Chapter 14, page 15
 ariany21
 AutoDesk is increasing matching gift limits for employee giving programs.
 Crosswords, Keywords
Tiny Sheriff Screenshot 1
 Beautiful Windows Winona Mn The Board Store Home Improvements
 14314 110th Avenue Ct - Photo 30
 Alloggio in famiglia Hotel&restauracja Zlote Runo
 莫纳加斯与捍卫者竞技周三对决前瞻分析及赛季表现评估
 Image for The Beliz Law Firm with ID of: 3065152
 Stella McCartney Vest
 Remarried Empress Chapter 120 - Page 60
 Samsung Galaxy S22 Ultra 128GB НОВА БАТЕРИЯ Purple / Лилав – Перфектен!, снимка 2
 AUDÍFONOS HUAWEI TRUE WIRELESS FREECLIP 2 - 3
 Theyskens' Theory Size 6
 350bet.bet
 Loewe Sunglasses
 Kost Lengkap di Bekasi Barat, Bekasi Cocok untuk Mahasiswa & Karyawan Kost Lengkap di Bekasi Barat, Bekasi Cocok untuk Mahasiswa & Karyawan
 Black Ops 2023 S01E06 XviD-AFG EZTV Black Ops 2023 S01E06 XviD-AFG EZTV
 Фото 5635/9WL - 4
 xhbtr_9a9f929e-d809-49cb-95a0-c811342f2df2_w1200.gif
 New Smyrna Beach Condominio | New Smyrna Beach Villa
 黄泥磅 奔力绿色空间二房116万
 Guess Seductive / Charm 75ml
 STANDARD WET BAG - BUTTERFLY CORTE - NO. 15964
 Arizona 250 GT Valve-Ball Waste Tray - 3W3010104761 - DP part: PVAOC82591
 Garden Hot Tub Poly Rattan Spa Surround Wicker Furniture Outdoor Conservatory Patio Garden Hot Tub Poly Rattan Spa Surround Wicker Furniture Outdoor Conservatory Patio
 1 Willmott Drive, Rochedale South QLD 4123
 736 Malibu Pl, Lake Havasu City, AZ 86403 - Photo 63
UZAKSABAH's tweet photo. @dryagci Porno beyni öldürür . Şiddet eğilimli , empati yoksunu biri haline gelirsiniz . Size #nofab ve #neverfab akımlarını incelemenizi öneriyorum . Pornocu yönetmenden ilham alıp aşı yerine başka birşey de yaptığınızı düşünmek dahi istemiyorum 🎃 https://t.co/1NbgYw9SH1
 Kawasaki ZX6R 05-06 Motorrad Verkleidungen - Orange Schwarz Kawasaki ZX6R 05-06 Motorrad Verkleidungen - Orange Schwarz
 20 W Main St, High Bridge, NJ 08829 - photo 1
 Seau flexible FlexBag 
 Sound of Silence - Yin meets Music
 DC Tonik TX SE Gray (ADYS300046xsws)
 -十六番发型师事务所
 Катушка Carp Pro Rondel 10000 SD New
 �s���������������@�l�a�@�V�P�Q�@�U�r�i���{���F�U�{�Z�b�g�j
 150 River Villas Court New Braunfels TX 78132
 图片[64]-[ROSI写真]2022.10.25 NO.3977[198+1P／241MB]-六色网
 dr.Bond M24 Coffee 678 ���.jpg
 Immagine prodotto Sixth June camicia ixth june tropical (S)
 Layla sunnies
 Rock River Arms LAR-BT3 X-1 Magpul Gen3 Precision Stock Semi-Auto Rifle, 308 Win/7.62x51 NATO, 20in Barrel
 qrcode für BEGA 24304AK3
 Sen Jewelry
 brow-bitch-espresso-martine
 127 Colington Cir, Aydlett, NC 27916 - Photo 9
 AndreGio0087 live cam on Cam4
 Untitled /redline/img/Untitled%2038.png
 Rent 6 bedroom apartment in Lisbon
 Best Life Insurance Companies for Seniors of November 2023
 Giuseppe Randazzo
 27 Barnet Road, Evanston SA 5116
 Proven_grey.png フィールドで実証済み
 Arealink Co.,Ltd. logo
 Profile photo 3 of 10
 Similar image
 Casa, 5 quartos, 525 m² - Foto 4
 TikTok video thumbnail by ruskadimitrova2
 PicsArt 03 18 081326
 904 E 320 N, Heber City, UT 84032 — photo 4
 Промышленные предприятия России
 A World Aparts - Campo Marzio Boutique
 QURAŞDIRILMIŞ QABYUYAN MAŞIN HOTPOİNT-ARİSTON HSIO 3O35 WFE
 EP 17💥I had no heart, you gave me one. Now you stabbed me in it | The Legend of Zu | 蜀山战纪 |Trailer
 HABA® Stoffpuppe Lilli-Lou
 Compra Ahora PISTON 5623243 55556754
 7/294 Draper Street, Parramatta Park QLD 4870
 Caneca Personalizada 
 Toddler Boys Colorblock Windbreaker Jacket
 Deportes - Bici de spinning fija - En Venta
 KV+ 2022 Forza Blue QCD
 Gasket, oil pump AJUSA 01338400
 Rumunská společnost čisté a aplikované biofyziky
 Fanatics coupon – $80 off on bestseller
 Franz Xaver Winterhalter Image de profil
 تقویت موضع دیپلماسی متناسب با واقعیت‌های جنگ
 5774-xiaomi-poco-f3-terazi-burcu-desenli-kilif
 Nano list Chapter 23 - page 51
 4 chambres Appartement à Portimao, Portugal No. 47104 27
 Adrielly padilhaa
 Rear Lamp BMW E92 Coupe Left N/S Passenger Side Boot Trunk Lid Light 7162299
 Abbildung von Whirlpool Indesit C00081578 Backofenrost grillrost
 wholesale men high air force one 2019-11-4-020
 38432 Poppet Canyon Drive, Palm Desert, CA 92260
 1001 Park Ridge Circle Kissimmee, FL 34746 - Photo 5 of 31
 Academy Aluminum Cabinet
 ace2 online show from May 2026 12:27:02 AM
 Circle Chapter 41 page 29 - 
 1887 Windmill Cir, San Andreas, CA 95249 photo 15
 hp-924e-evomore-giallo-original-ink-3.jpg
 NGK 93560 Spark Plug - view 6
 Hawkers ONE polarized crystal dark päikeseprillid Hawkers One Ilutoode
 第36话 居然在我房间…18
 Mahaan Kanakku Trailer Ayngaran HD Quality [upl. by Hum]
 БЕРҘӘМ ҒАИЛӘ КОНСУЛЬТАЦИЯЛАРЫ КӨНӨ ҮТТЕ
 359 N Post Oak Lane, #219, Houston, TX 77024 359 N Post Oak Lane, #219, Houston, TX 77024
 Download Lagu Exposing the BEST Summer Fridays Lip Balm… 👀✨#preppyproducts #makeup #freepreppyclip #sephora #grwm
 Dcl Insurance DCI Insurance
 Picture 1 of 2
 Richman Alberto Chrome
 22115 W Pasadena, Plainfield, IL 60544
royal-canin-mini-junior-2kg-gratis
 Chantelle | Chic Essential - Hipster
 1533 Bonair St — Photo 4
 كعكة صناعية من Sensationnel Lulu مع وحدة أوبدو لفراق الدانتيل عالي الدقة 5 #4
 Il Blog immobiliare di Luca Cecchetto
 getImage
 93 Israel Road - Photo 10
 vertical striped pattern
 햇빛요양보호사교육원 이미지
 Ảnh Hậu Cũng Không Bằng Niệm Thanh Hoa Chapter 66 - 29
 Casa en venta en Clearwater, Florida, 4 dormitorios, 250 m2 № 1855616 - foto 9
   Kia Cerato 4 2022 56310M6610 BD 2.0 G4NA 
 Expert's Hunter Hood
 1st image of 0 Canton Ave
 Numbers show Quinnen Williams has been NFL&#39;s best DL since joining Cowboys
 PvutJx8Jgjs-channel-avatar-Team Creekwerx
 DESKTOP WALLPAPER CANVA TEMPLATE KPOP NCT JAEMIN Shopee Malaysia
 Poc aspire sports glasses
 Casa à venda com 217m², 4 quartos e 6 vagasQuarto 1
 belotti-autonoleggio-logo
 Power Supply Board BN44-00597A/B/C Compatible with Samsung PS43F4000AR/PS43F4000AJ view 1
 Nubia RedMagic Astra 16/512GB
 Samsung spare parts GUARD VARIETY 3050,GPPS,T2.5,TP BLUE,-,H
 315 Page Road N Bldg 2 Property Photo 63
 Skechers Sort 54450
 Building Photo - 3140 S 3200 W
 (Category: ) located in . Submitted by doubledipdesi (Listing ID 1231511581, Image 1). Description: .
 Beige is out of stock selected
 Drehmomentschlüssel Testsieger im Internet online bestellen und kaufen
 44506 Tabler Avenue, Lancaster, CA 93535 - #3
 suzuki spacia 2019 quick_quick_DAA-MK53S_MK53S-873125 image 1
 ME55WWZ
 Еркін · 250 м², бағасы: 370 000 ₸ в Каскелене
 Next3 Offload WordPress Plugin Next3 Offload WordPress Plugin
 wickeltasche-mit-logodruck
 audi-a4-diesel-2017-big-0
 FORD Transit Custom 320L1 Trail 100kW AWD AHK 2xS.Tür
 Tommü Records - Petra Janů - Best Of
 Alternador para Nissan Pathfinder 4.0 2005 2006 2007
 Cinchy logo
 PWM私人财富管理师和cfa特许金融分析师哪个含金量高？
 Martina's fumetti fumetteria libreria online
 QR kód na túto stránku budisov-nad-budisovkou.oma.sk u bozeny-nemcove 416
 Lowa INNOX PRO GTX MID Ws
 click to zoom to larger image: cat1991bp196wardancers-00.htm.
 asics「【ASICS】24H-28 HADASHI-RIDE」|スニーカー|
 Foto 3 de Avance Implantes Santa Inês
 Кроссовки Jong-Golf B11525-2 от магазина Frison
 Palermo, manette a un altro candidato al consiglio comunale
* * * * *
▶ _Assignment_
Write down again the exact lines running from the beginning of the data to the line containing "Фото 5635/9WL - 4", with both ends included.

▶ _Result of this task_
Chapter 14, page 15
 ariany21
 AutoDesk is increasing matching gift limits for employee giving programs.
 Crosswords, Keywords
Tiny Sheriff Screenshot 1
 Beautiful Windows Winona Mn The Board Store Home Improvements
 14314 110th Avenue Ct - Photo 30
 Alloggio in famiglia Hotel&restauracja Zlote Runo
 莫纳加斯与捍卫者竞技周三对决前瞻分析及赛季表现评估
 Image for The Beliz Law Firm with ID of: 3065152
 Stella McCartney Vest
 Remarried Empress Chapter 120 - Page 60
 Samsung Galaxy S22 Ultra 128GB НОВА БАТЕРИЯ Purple / Лилав – Перфектен!, снимка 2
 AUDÍFONOS HUAWEI TRUE WIRELESS FREECLIP 2 - 3
 Theyskens' Theory Size 6
 350bet.bet
 Loewe Sunglasses
 Kost Lengkap di Bekasi Barat, Bekasi Cocok untuk Mahasiswa & Karyawan Kost Lengkap di Bekasi Barat, Bekasi Cocok untuk Mahasiswa & Karyawan
 Black Ops 2023 S01E06 XviD-AFG EZTV Black Ops 2023 S01E06 XviD-AFG EZTV
 Фото 5635/9WL - 4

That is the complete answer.